妻側の親族には自分の財産を渡したくない(後継ぎ遺贈型受益者連続信託)
Contents
1.子のない夫婦の相続
(1)子のない夫婦の相続の一例
たとえば,夫側の親族は弟と弟の子(甥)だけという家族状況の家庭の相続について考えてみます。
①妻が,夫の死亡により夫の財産を相続。
②妻が死亡したとき夫から相続した財産は,妻側の親族だけに相続される。
②の段階で夫側親族から不満が出ることがあります。
妻が夫の財産を相続してそれを生活の糧にするのは分かる。しかし,妻が死亡したとき妻側の親族がもともと夫のものであった財産を相続するのは納得がいかない。という不満です。
(2)複数回の相続財産移転を内容とする遺言は不可
自分の意思に基づいて死後の自分の財産の処分する方法として遺言があります。とはいえ,遺言でできる財産処分は一回だけです。

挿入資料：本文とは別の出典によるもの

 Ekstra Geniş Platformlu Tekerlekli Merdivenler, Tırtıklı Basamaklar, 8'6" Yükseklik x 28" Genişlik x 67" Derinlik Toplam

妻に自分の財産をすべて相続させるという遺言は可能です。しかし,その妻が死亡したときには自分が相続させた財産を甥に相続させるという遺言はできません。
妻がいったん相続した財産は妻の所有となり,妻の死亡後の財産の処分は妻の意思により次に相続されるのが原則です。長期にわたって遺産を遺言者の意思で拘束するのはよろしくないという判断もあり,民法では認められていないようです。
2.死後の複数回遺産移転指示を可能にする方法(後継ぎ遺贈型受益者連続信託の利用)
(1)後継ぎ遺贈型受益者連続信託を設定
受益者の死亡により順次他の者が新たな受益権を取得するという内容の信託を使うことによって数次の相続財産の移転を本人が生前に指示できます。(信託法91条)

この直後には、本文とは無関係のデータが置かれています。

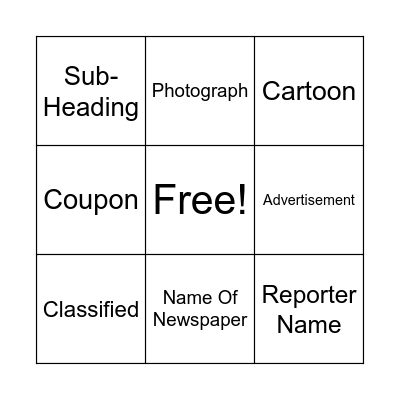 Newspaper Bingo Card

このような信託を受益者連続型信託と呼んだり,後継ぎ遺贈型受益者連続信託と呼んだりしています。
「後継ぎ遺贈型」とは,妻にまず遺贈し妻が死亡したときに妻に遺贈した財産を甥に遺贈するというように,遺贈の後継ぎ先を決めているという意味合いを表しています。死亡を契機として受益者が変わる内容の信託の名としては,後継ぎ遺贈型受益者連続信託の呼び名がふさわしいと思いますので,以後はその名に統一して使います。
(2)後継ぎ遺贈型受益者連続信託の有効期間
後継ぎ遺贈型受益者連続信託の有効期間は30年です。
正確には,「 当該信託がされた時から三十年を経過した時以後に現に存する受益者が当該定めにより受益権を取得した場合であって当該受益者が死亡するまで又は当該受益権が消滅するまでの間」です。(信託法91条)
30年の有効期間は具体的には次のようになります。
①第一次受益者が長生きして30年を経過したあとに死亡した場合
次の第二次受益者が死亡したときに信託が終了します。
②第一次受益者が30年を経過する前に死亡し,第二次受益者が受益権を取得して信託設定後30年を経過した後に死亡した場合
次の第三次受益者が死亡したときに信託が終了します。
(3)後継ぎ遺贈型受益者連続信託と遺留分
「後継ぎ遺贈」の法的な性格については明文の規定はありませんが,委託者本人が死亡した時点で遺留分を判断すると解釈されているようです。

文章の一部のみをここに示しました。